• **EXERCISE DATA**

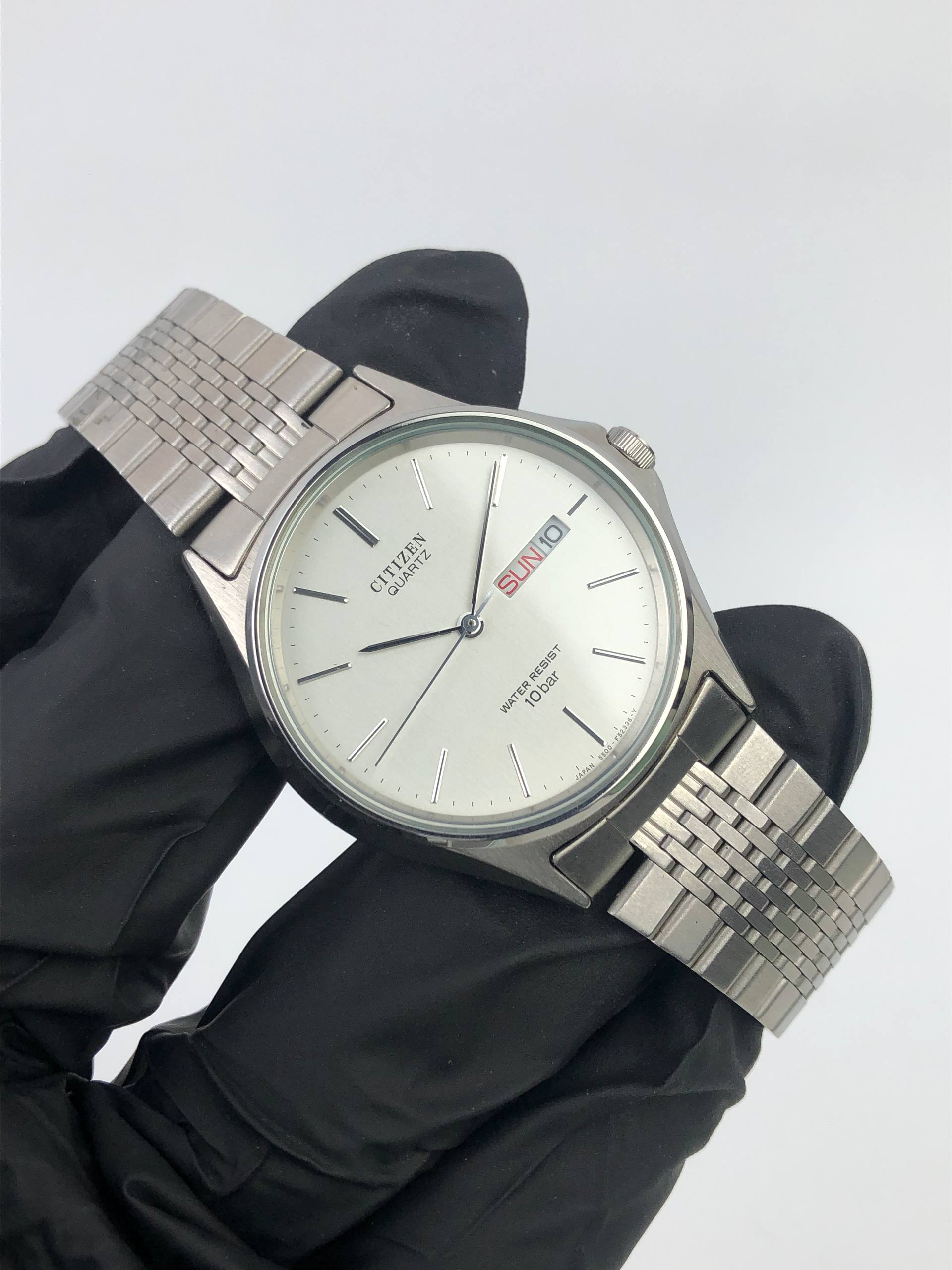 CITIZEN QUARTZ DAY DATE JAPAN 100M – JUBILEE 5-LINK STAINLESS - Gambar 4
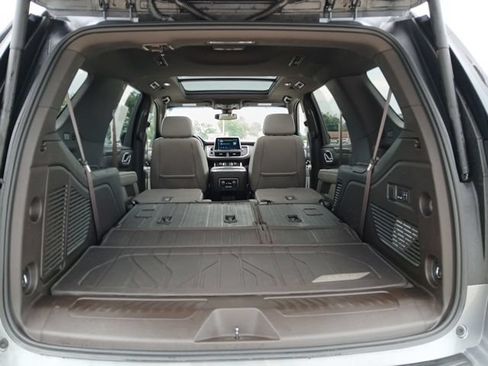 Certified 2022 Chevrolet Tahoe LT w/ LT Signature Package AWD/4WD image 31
...
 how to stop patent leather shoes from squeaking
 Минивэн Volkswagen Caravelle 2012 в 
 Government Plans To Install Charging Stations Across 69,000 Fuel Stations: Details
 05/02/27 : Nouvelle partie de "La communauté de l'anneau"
...
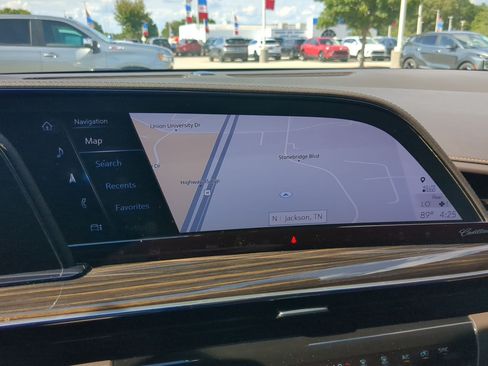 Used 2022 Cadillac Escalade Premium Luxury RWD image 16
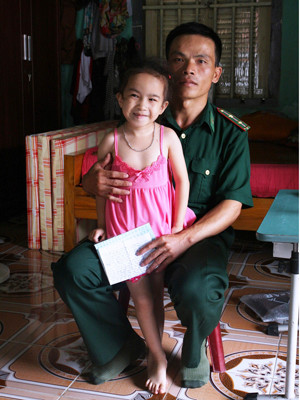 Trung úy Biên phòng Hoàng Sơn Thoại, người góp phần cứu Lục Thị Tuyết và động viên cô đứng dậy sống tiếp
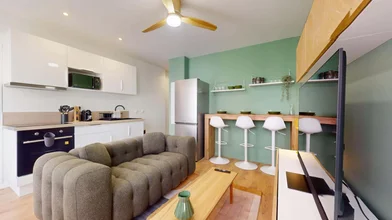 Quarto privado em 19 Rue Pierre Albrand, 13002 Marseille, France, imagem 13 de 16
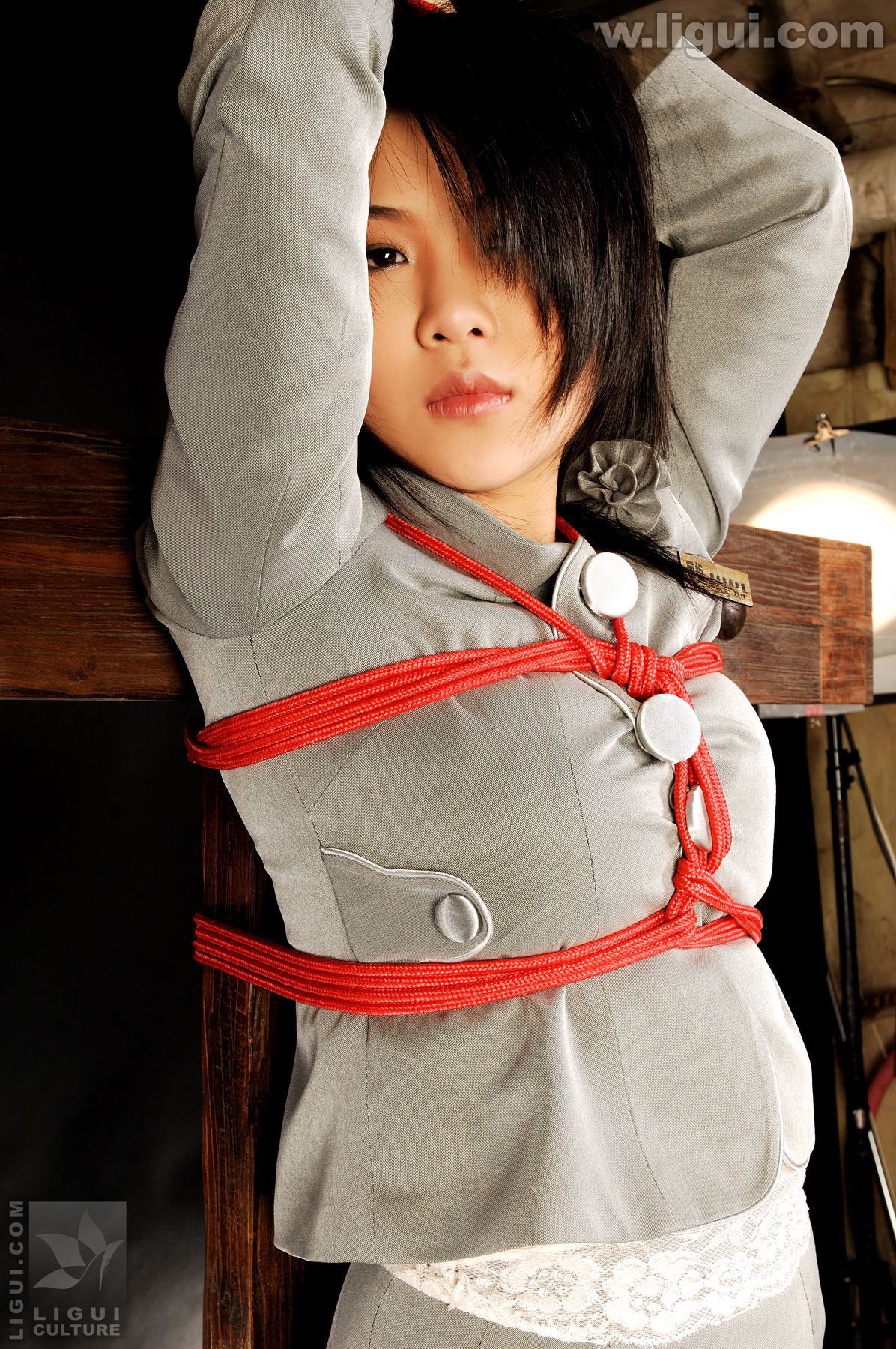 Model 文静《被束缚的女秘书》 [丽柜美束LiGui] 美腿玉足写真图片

• **THE TASK**
Where the listing above has a line with "Government Plans To", start there, and output every line exactly through the line with "05/02/27 : Nouvelle", which is also included.

• **SOLUTION TO THIS PROBLEM**
 Government Plans To Install Charging Stations Across 69,000 Fuel Stations: Details
 05/02/27 : Nouvelle partie de "La communauté de l'anneau"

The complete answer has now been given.